MC2.1Identify those IDs that stand out for their large volumes of communication.  For each of these IDs

 

      a.         Characterize the communication patterns you see.

      b.        Based on these patterns, what do you hypothesize about these IDs?

 

Limit your response to no more than 4 images and 300 words.

 

In the communication data, we found there were three IDs that had significant large volumes of communication. We summarize their communication patterns and our hypothesis as following:

 

1.     ID: 1278894:

a.      Communication Patterns:

                                      i.     On Friday, Saturday and Sunday, the ID 1278894 broadcast messages to a lot of visitors in the park every 5 minutes in the following time slots: 12:00-12:55, 14:00-14:55, 16:00-16:55, 18:00-18:55, and 20:00-20:55. At the same time, ID 1278894 also received replies from visitors in all five areas during these 5 time slots. We also found that most of the replies came from the Wet Land area.

                                     ii.     Figure 1 shows that the frequency and the amount of messages that 1278894 received from other IDs in the park on Saturday. Similar patterns are also found on Friday and Sunday. It is obvious that there were 5 time slots of receiving messages regularly.

                                   iii.     Figure 1 also illustrates that the ID 1278894 broadcast message regularly on Friday, Saturday and Sunday with the same communication pattern, i.e. broadcasting a message every 5 minutes in these five time slots.

b.     We believe that ID 1278894 is a Park Service ID, as it broadcast messages regularly to interact with visitors in the park across three days.

n6 - Copy - Copy

 

2.     ID: 839736:

a.      Communication Patterns:

                                      i.     This ID regularly broadcast messages to most visitors in the park from 8:00 to 23:30 everyday. It sent out average around 30 messages per minute. At the same time, this ID also received messages from most visitors in the park across the three days.

b.     There are several unusual communication patterns we found about this ID.

                                      i.     This ID received a lot of messages from the visitors in the area of Wet Land. It received 1,573 messages from 316 visitors around 12:00. The spike decreased and lasted to around 12:30 (Figure 2).

                                     ii.     This ID, at 14:42 on Sunday, received more than 300 messages from more than 100 visitors (the peak is 116 in Figure 2) per minute. The spike appeared between 14:39 and 14:52. Most of the messages came from the area of Coaster Alley.

                                   iii.     Between 12:30 and 15:30, this ID received more messages than the average across the weekend (from more than 20 different visitors every minute) from Wet Land. (Figure 2)

                                   iv.     Around 12:03 on Sunday, this ID broadcast 1,417 messages per minute.
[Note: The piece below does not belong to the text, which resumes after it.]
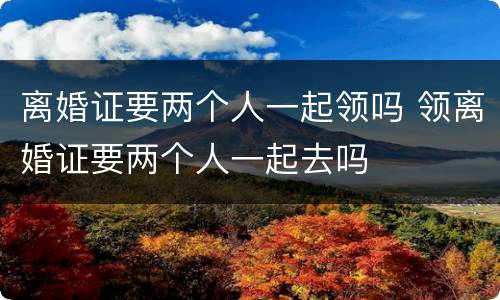 离婚证要两个人一起领吗 领离婚证要两个人一起去吗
This spike lasted till around 12:30 (Figure 3).

                                     v.     The second spike appeared around 14:42 (i.e. 2:42pm in Figure 3) on Sunday, it broadcast 326 messages per minute.

                                   vi.     Between 12:30 and 15:30 (i.e. between 12:30pm and 3:30pm of Figure 3), this ID sent out more messages than the average across the weekend (more than 50 messages).
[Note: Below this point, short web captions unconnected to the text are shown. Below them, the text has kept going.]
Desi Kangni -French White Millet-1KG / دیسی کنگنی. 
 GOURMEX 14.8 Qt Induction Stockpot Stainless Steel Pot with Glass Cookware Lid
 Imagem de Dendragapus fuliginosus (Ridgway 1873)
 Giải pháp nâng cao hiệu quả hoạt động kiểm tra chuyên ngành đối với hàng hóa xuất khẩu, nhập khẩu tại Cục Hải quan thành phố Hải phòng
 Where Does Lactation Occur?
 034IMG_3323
c.      We believe that this ID is a Park Service ID. This ID broadcast announcements, alerts and updates to most visitors in the park everyday.

 

 

n3

n4

 

 

3.     External:

a.      Communication Patterns:

                                      i.     Normally, around 15-20 visitors in the park sent message to “External per minute everyday (Figure 4). The number of messages received by “External” was around 30 per minute.

                                     ii.     From 11:45 to 12:00 on Sunday, more than 160 (the peak value was 231) visitors sent messages to “External” per minute. This spike achieved around 11:59 and decreased significantly after 12:00.

b.      We believe that visitors sent messages out of the park to share their stories in the park. We also think that there was an incident happened in Wet Land around 11:45 on Sunday. And visitors in Wet Land sent out a large amount of messages to “External” to post/share this incident (Figure 4).

n2

 

 

 

MC2.2Describe up to 10 communications patterns in the data. Characterize who is communicating, with whom, when and where. If you have more than 10 patterns to report, please prioritize those patterns that are most likely to relate to the crime.

 

Limit your response to no more than 10 images and 1000 words.

 

1.     Park service communication (ID 1278894): Please check our answer in MC2.1 about ID 1278894

 

2.     Park service communication (ID 839736): Please check our answer in MC2.1 about ID 839736

 

3.     Communication pattern in large groups that group members always moved together:

The members in this type of large groups always moved together and communicated within group. We used a community detection algorithm (Louvain method) to detect the groups in the communication data.

                         i.         The size of these groups was around 40 people.

                       ii.         These groups usually came around 9:30 and were interested in Thrill Rides, Shows and Beer.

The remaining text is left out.